ARTIST'S DESCRIPTION: 

William Peter Welsh (1889–1984) was a muralist, portrait painter, and illustrator from Kentucky as well as a soldier who served in both world wars and in the Mexican Border campaign with General Pershing in 1916. He died at age 95 in his hometown of Lexington, Kentucky. His mural painting Lexington Street Scene, October 1793 was at the Kentuckian Hotel on High Street and was recreated by the artist after its destruction and displayed at Hymon's Department store with prints also sold. His painting "Prisoner of War" is part of the Art Institute of Chicago's collection. He also painted murals for the Chicago Room of Palmer House and did a series of European style poster advertisements for Pullman sleeping cars. He won awards and recognition for the campaign. He worked in Illinois. His work was also part of the painting event in the art competition at the 1936 Summer Olympics.

William Peter Welsh was born to Bartholomew J. Welsh and Sara Ellen Cunningham King Welsh in Lexington, Kentucky. He was one of six children, four boys and two girls: an older brother, King; a sister, Agatha; Welsh; twins Barry and August (Gus); and Marguerite.

Welsh attended Saint Paul's, a boys-only school taught by nuns. School for him started at 7:30 a.m. and he attended Mass each day before class.

Welsh's father, Bartholomew, died of cancer following a three-year bout with an aneurism that finally burst. Welsh was three years old, when his father developed the aneurism. After his father's death, his mother Sara supported the children by living in boarding homes that belonged to relatives and friends so she could work and earn money.

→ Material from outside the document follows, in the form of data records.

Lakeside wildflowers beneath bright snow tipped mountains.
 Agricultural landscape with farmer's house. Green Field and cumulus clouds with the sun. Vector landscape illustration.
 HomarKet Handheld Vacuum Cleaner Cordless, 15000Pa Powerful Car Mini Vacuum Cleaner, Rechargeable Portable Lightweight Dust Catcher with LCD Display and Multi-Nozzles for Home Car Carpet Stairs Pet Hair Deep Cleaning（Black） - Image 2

Welsh took his first job, a summer position at the Lexington Leader, at age 12 making $2 a week. His boss, Sam Roberts, fired him after the summer so he could return to school. At age 14, he started working at the Kaufman Clothing Company in Lexington where he was soon promoted and made $3 a week, and later $6. His boss at this store, Phil Strauss, would prove influential in his success as an artist.

 

When Welsh was 15, he began studying under Mary Kinkead, his first painting teacher, at the Ella Williams School for Girls in Lexington. He was one of only a few boys who attended. It was here that he met Henrietta Clay. They were later sweethearts and engaged. After Clay ended their engagement for another man, they remained good friends. In his oral history account, Welsh credited his time at Ella Williams studying under Kinkead as what would inspire him to travel abroad and study art.

Welsh got into Academie Julien and Atelier Delecleuse in Paris, France thanks to a connection of his Lexington art teacher, Mary Kinkead. His boss at the Kaufman Clothing Company, Phil Strauss, funded Welsh's time in Paris with a monthly check of $40 because he trusted Mart Kinkead's judgement that Welsh was suited for Paris. After he returned from Europe, he spent two years in Lexington doing odd art jobs and sports activities at a YMCA. He then went to New York to pursue art. He had a promise of $25 a week in New York for working in George Ford Morris's studio (Morris was a New York horse painter). While in New York, he worked and attended the Arts Student League.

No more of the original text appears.